Crédit photo : copie d'écran podcast vidéo de l'Assemblée Nationale

La Commission des affaires économiques de l'Assemblée Nationale auditionne chaque année différents acteurs des télécommunications : la Fédération Française des Télécoms, l'Arcep (régulateur des télécoms), les 4 principaux opérateurs.

L'audition du PDG d'Orange a eu lieu mercredi 19 septembre 2019. La vidéo est en accès libre sur le site de l'Assemblée Nationale.

Ces auditions sont toujours très intéressantes à écouter :

  • En déclaration liminaire, le PDG rappelle les points clefs de la stratégie et du positionnement d'Orange, ce qui est toujours intéressant pour comprendre le cadre général dans lequel s'inscrit notre travail quotidien, même si évidemment on y retrouve un certain nombre d'éléments présentés dans d'autres cadres, comme celui de l'Assemblée Générale des actionnaires par exemple. Si vous n'avez pas eu l'occasion d'assister à l'une de ces présentations, regarder les 30 premières minutes de l'audition est donc instructif.
  • La seconde partie est consacrée aux (nombreuses) questions des député-e-s présent-e-s, ce qui permet d'avoir une idée des préoccupations des territoires.
  • Enfin, au fil des échanges, le PDG d'Orange distille sa position sur les choix politiques français et la régulation du secteur des télécoms, avec des illustrations tout à fait éclairantes.

Concernant les questions posées par les député-e-s, on peut noter que nos délégué-e-s aux collectivités territoriales, actuellement rattachés aux DO (spécificité d'Orange, les autres opérateurs n'en ont pas) sont appréciés, et constituent un maillon utile auprès des élu-e-s de terrain.

Les réseaux : toujours au coeur des préoccupations

L'essentiel des questions, voire des récriminations, parfois virulentes, concernent la couverture et la qualité des réseaux.

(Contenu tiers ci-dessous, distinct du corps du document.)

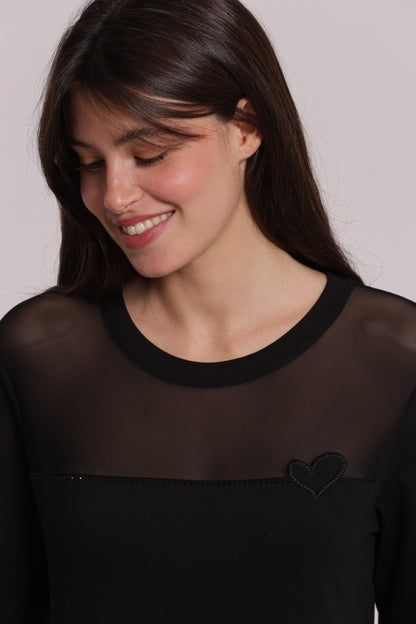 T-SHIRT MANICHE LUNGHE CON TRASPARENZA SU SPALLE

  • Les attentes sont très fortes concernant le déploiement de la Fibre.
  • Les zones rurales se plaignent amèrement de la dégradation du réseau cuivre et des temps de rétablissement. Notons que ce réseau a plus de 40 ans. Il est particulièrement malmené par la foudre, l'été 2018 ayant été selon Météo France le plus foudroyé depuis 30 ans, mais aussi par les vols de câbles, de plus en plus fréquents - 60 000 clients impactés cette année. 
  • La couverture mobile des zones blanches, voire des zones grises (celles où un seul opérateur mobile est présent, presque toujours Orange) fait également partie des attentes fortes. Le "new deal" des télécoms annoncé début 2018 implique 3 Mds d'investissement et le déploiement de 5 000 antennes sur 5 ans. Tout le monde voudrait que, 8 mois plus tard, les effets soient déjà visibles. Il est cependant intéressant de relever que ce ne sont pas les opérateurs qui définissent les communes prioritaires pour déployer ces antennes, mais l'Etat... qui n'a pas encore terminé ses navettes avec... les élu-e-s des territoires.

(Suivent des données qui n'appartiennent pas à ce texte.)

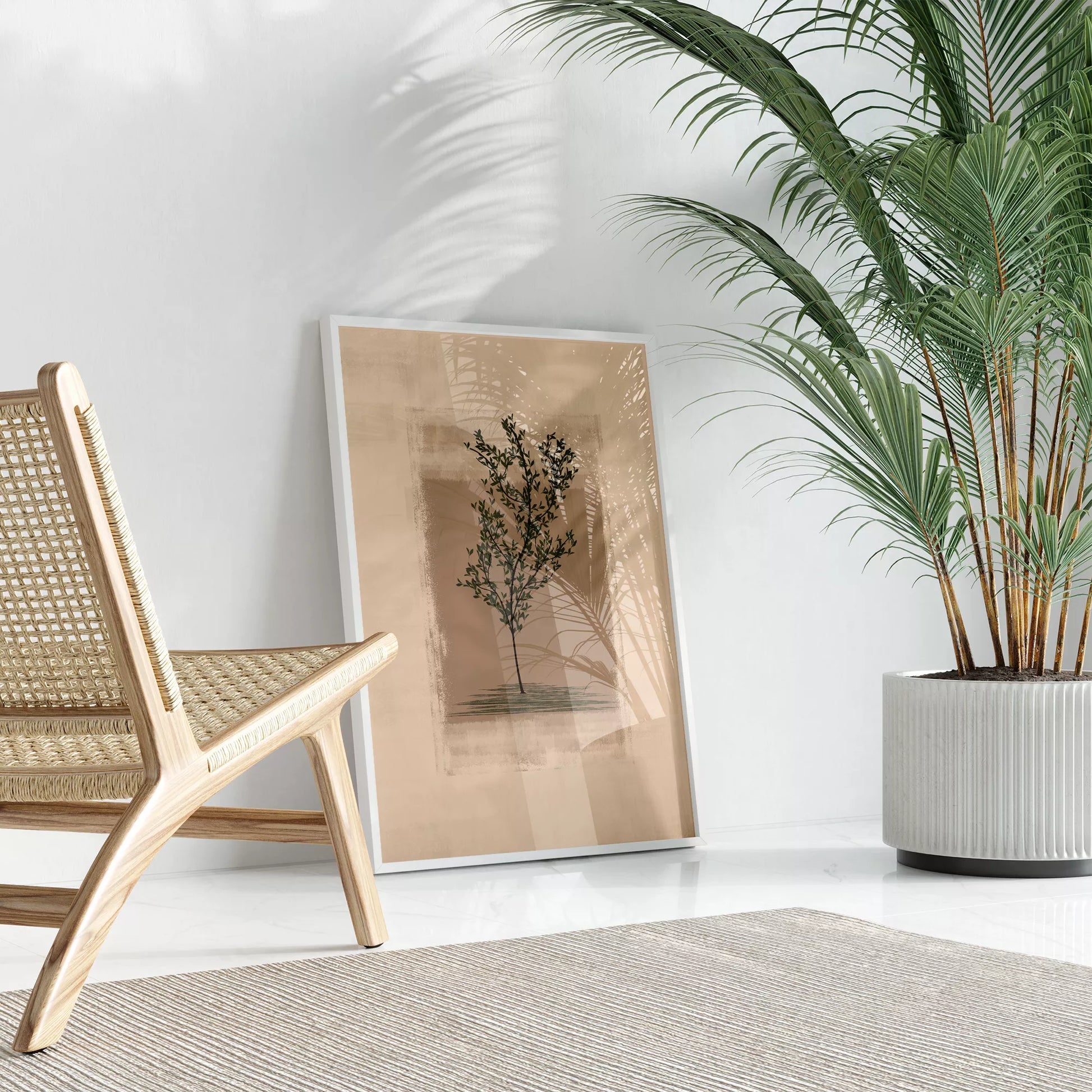 静寂な背景に佇む一本の木のシルエット画、禅とモダンの融合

Seules la France et l'Espagne se sont résolument tournées vers un déploiement massif de la fibre optique jusqu'à l'abonné, avec un renouvellement complet de la boucle locale, qui sera certainement un avantage compétitif pour nos deux pays. Orange est donc confronté à la double nécessité d'investir massivement (+ de 4 Mds d'euros par an) dans la Fibre, tout en assurant la maintenance du réseau cuivre (Orange est délégataire du Service Universel - rappelons au passage qu'aucun opérateur ne se bouscule pour répondre aux appels d'offre sur ce sujet), qui a coûté environ 500 M d'euros en 2017 (chiffre en croissance ces dernières années).

Stéphane Richard a précisé qu'il restait encore 3 années difficiles, pendant lesquelles il faut tout faire en même temps (ce qui est contraignant sur le plan financier mais aussi des ressources humaines), mais qu'ensuite, tandis que le réseau cuivre commencera d'être abandonné sur les plaques géographiques à même de basculer entièrement sur les réseaux de fibre, la tension sera moins forte.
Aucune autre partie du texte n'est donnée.